Web page caption snippets:
===

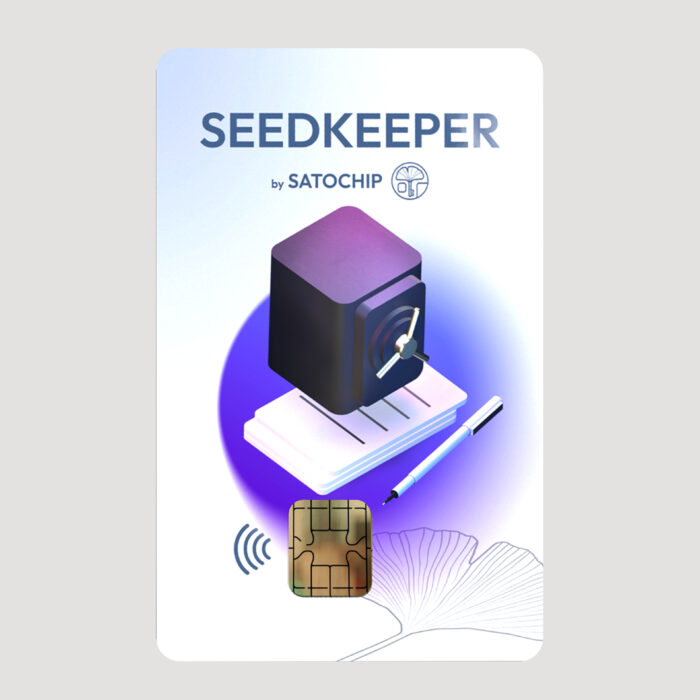 Seedkeeper seedphrase hardware storage solution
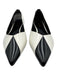 Tory Burch Shoe Size 8.5 White & Black Leather Low Heel Pointed Toe Flats White & Black / 8.5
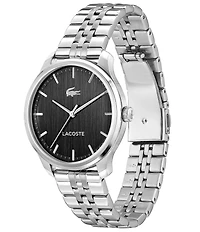 Lacoste Men's Libson Three Hand Stainless Steel Bracelet Watch
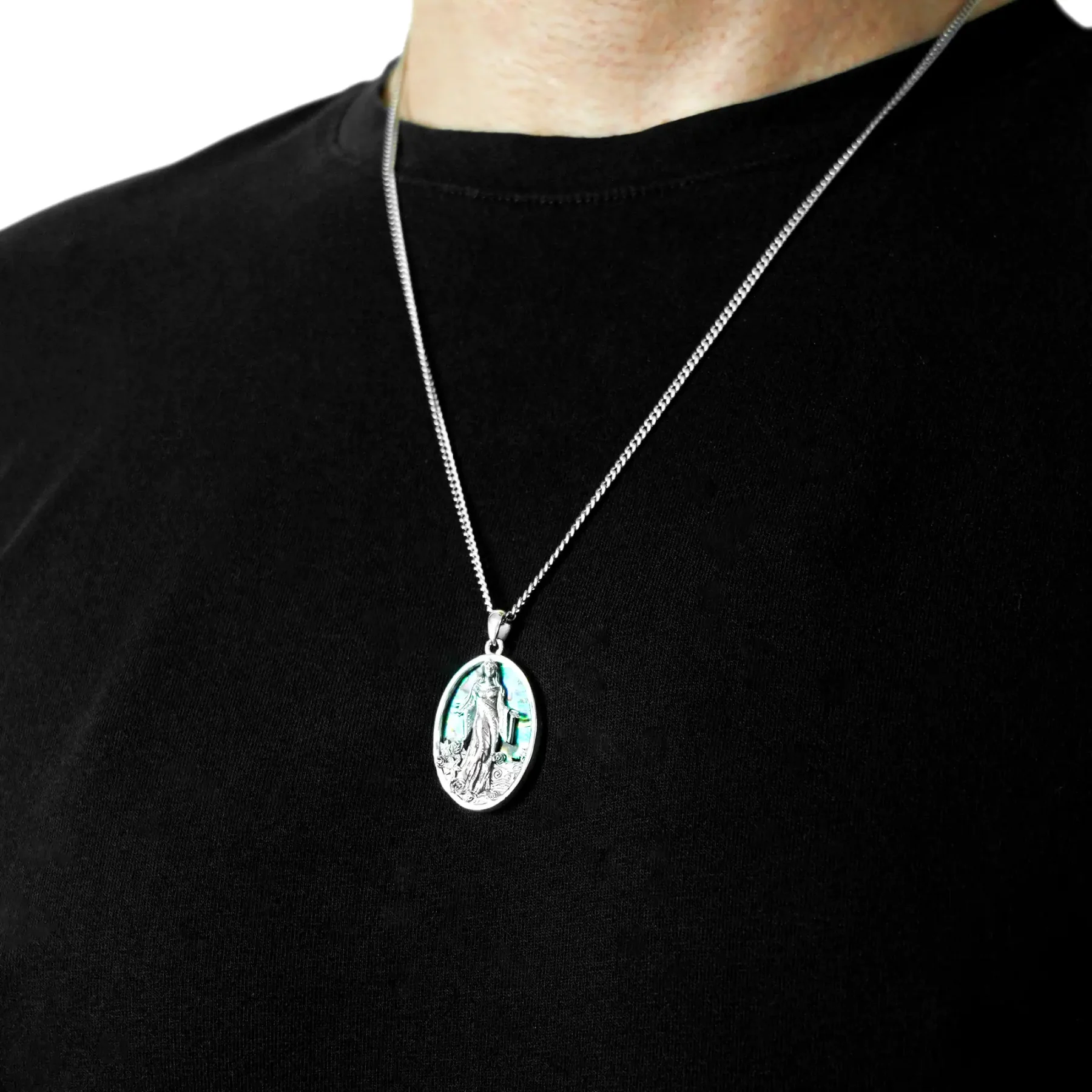 Silver Sea Goddess Lemanja Necklace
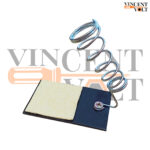 Vincentvolt Heavy duty Soldering Iron Stand, Nickel Plated Spring Holder with Soldering Cleaning Foam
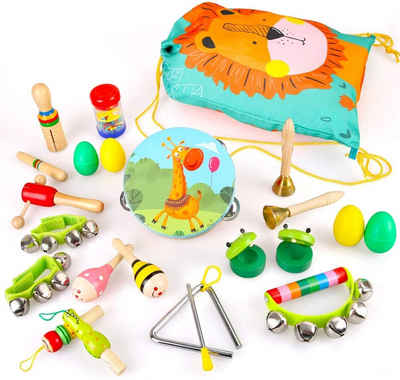20x Baby Musikinstrumente Set Percussion Spielzeug Spaß Kinder Spielzeug 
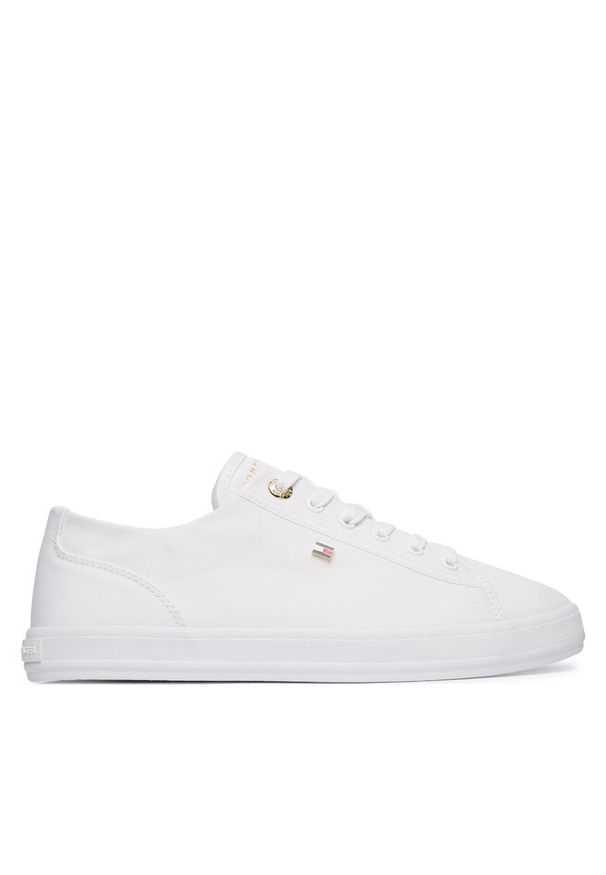 TOMMY HILFIGER - Tenisówki Tommy Hilfiger. Kolor: biały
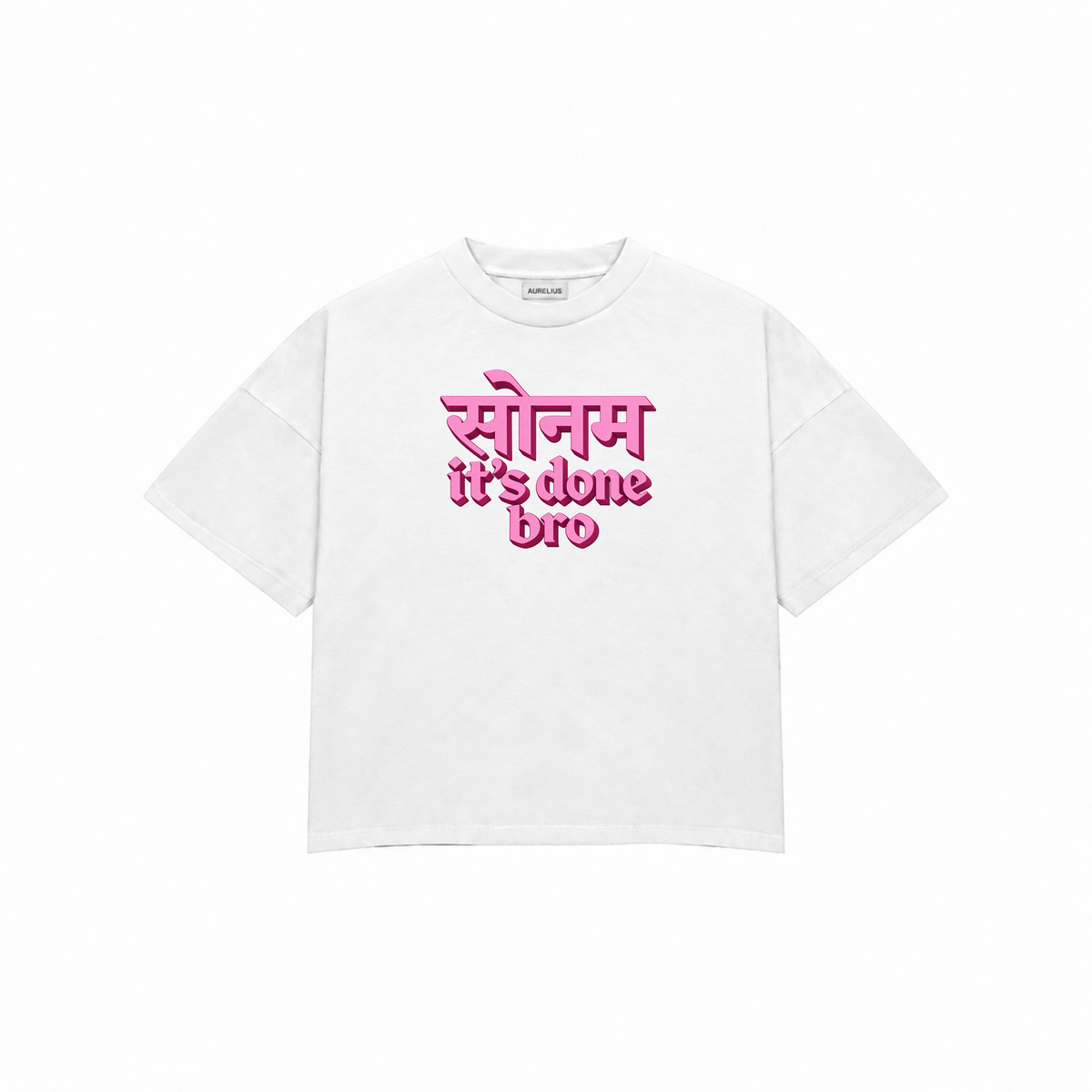 SONAM, IT'S DONE BRO Premium Oversized Tee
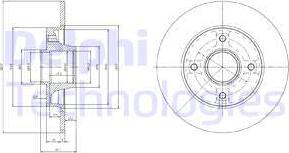 Delphi BG9022RS - Brake Disc autospares.lv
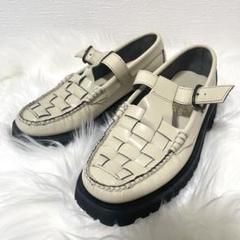 ＜CASTELLANO ＞MESH ローファー ホワイト ローファー　38 CASTELLANO ＞MESH ローファー ホワイト ローファー 38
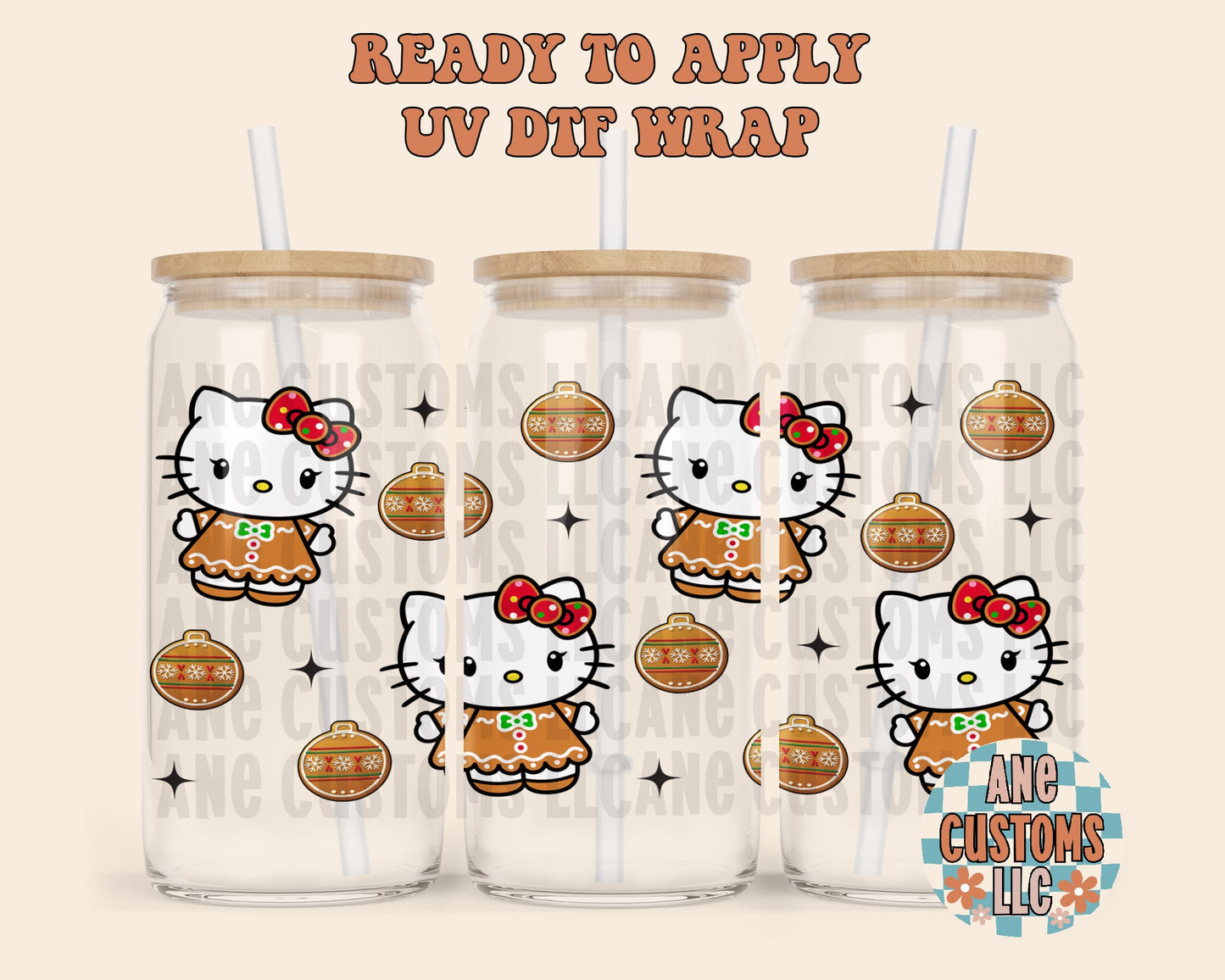 HK gingerbread UVDTF WRAP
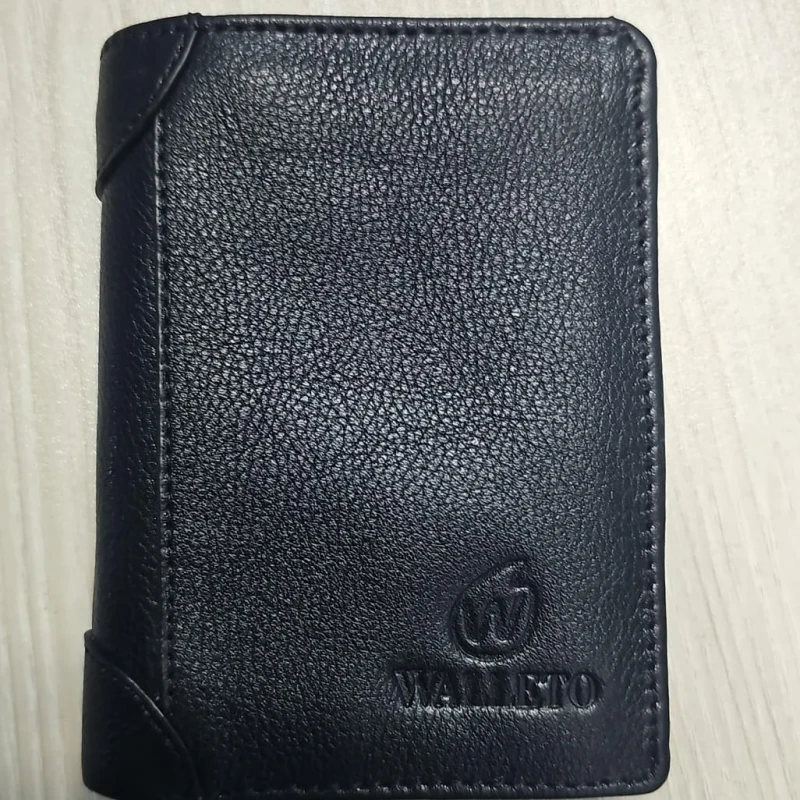 Multifuntional Small Moto Wallet-Black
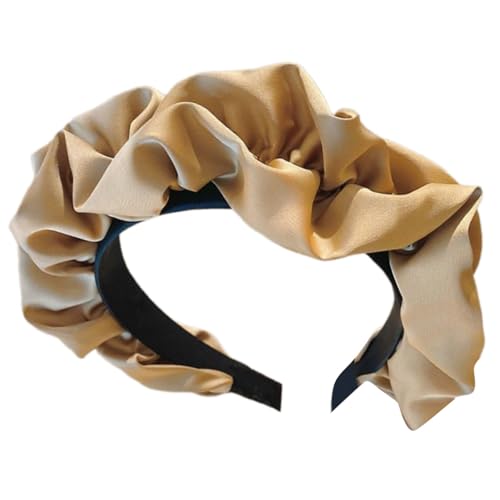 Elastische Schöne Stirnbänder Bequemes Breites Haar Reifen Elegantes Mädchen Haarteil Für Die Verbesserung Der Freizeitarbeit Oder Zum Abendlichen Look Weiche Satins Stirnbänder von Wayfadacc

===

WORK INSTRUCTION: In the copy, include no pictures; transcribe every record above verbatim.

RESPONSE TO THIS EXERCISE:
 Seedkeeper seedphrase hardware storage solution
 Tory Burch Shoe Size 8.5 White & Black Leather Low Heel Pointed Toe Flats White & Black / 8.5
 Lacoste Men's Libson Three Hand Stainless Steel Bracelet Watch
 Silver Sea Goddess Lemanja Necklace
 Vincentvolt Heavy duty Soldering Iron Stand, Nickel Plated Spring Holder with Soldering Cleaning Foam
20x Baby Musikinstrumente Set Percussion Spielzeug Spaß Kinder Spielzeug 
 TOMMY HILFIGER - Tenisówki Tommy Hilfiger. Kolor: biały
 SONAM, IT'S DONE BRO Premium Oversized Tee
 Delphi BG9022RS - Brake Disc autospares.lv
 ＜CASTELLANO ＞MESH ローファー ホワイト ローファー　38 CASTELLANO ＞MESH ローファー ホワイト ローファー 38
 HK gingerbread UVDTF WRAP
 Multifuntional Small Moto Wallet-Black
 Elastische Schöne Stirnbänder Bequemes Breites Haar Reifen Elegantes Mädchen Haarteil Für Die Verbesserung Der Freizeitarbeit Oder Zum Abendlichen Look Weiche Satins Stirnbänder von Wayfadacc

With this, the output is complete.